(Dataset records begins)

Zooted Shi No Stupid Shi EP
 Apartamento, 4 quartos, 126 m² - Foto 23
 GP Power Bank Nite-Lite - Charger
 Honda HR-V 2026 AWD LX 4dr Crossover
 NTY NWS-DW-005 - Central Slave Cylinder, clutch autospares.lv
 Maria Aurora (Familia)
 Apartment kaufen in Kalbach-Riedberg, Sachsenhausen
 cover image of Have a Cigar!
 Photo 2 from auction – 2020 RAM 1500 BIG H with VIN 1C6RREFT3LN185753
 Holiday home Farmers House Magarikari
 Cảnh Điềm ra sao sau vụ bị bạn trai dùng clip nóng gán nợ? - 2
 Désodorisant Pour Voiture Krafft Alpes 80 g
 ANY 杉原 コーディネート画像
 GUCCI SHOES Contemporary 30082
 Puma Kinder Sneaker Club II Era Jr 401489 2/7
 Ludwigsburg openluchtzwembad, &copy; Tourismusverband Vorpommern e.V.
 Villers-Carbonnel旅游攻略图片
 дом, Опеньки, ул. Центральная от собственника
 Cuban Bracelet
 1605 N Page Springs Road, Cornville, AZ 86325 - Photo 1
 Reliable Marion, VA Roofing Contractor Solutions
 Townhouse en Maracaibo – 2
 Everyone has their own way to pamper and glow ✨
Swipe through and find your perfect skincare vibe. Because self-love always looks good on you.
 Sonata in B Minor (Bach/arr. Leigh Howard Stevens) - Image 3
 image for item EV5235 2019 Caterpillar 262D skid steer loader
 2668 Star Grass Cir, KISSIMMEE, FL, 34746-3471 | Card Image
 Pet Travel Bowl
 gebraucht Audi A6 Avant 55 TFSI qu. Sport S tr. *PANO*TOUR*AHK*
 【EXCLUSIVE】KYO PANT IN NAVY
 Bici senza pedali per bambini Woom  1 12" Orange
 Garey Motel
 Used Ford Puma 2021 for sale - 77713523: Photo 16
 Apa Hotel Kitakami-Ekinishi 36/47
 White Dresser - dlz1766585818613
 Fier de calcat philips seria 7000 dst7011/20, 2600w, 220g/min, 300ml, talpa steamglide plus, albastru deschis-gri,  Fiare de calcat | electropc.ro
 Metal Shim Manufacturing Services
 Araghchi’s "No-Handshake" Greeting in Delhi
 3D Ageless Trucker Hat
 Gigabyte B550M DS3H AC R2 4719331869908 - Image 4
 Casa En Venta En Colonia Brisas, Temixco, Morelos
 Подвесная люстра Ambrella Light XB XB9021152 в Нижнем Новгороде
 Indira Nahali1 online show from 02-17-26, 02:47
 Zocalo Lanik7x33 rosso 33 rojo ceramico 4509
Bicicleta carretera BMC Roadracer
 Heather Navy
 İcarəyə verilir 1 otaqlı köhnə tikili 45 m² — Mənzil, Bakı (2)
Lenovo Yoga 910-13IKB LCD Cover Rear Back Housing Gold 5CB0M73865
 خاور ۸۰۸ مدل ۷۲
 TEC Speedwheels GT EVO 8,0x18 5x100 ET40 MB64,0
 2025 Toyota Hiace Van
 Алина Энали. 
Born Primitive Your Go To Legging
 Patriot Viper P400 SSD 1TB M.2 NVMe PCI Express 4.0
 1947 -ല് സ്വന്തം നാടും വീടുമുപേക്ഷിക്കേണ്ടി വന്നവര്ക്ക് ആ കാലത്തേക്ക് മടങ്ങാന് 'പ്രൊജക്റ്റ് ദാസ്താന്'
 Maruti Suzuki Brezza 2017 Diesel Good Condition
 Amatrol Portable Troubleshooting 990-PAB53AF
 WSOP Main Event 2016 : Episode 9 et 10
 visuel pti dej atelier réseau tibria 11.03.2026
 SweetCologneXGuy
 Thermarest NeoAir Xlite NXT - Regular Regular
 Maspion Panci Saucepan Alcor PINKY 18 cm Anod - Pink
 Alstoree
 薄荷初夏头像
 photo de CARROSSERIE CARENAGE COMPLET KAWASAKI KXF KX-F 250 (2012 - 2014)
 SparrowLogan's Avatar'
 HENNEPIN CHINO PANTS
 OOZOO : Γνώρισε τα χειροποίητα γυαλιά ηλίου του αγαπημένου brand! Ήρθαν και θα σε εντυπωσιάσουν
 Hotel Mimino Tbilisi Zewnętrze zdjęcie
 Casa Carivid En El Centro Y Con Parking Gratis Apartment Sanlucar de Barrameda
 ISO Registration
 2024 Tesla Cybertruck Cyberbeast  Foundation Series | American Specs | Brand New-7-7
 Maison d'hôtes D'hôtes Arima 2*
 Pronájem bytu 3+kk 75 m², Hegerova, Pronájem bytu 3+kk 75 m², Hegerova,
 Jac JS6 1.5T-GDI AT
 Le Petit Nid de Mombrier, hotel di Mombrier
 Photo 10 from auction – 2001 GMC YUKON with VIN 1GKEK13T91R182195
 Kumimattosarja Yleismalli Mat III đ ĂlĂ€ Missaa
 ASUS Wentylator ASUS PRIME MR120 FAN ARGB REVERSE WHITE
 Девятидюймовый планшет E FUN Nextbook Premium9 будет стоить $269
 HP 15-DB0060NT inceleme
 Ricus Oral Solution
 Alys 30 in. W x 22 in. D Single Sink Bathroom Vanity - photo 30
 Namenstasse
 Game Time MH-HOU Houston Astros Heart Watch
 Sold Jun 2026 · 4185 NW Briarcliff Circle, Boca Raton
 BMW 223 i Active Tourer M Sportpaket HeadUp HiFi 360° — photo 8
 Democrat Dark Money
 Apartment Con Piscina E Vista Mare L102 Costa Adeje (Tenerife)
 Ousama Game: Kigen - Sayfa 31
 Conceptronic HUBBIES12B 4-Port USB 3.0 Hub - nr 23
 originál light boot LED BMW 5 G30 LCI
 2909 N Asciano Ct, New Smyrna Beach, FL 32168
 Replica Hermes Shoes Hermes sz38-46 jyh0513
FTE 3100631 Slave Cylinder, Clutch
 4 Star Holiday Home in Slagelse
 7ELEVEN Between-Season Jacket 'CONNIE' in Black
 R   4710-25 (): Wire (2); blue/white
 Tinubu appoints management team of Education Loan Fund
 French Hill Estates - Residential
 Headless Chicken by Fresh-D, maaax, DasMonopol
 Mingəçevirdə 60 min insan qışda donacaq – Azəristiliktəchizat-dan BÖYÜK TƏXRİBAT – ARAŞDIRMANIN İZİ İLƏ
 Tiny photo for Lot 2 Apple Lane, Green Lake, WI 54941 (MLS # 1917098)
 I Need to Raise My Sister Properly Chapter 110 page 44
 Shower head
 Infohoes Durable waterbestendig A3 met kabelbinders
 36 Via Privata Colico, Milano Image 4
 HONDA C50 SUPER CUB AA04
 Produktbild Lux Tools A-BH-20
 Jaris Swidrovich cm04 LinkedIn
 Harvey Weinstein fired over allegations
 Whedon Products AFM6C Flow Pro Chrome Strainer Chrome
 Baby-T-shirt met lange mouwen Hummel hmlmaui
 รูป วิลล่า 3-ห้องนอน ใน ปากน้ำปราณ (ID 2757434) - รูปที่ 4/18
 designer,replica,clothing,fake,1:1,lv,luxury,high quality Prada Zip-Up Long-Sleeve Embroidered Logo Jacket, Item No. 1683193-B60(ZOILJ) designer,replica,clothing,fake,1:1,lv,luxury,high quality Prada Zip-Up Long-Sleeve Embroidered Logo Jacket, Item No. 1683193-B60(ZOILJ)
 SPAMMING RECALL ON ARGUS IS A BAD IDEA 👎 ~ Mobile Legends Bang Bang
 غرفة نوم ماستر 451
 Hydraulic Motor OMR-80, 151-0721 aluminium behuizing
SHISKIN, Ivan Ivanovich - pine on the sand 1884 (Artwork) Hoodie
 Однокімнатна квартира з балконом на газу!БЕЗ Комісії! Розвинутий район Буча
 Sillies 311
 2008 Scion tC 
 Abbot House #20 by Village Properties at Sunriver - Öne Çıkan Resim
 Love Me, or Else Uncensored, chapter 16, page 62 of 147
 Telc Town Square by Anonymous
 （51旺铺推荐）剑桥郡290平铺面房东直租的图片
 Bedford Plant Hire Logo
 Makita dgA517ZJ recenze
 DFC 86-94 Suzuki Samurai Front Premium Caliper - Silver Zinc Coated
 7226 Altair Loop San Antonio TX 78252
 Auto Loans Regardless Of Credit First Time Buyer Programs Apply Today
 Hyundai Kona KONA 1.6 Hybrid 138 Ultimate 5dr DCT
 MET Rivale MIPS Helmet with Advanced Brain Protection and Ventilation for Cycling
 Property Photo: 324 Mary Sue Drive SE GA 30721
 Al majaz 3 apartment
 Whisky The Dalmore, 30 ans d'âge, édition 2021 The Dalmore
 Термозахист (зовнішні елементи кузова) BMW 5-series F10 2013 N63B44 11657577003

(Dataset records ends)

What you are asked to do - Repeat only the stretch of lines that begins at the line containing "Love Me, or" and ends at the last line above, both included.

Expected answer -
 Love Me, or Else Uncensored, chapter 16, page 62 of 147
 Telc Town Square by Anonymous
 （51旺铺推荐）剑桥郡290平铺面房东直租的图片
 Bedford Plant Hire Logo
 Makita dgA517ZJ recenze
 DFC 86-94 Suzuki Samurai Front Premium Caliper - Silver Zinc Coated
 7226 Altair Loop San Antonio TX 78252
 Auto Loans Regardless Of Credit First Time Buyer Programs Apply Today
 Hyundai Kona KONA 1.6 Hybrid 138 Ultimate 5dr DCT
 MET Rivale MIPS Helmet with Advanced Brain Protection and Ventilation for Cycling
 Property Photo: 324 Mary Sue Drive SE GA 30721
 Al majaz 3 apartment
 Whisky The Dalmore, 30 ans d'âge, édition 2021 The Dalmore
 Термозахист (зовнішні елементи кузова) BMW 5-series F10 2013 N63B44 11657577003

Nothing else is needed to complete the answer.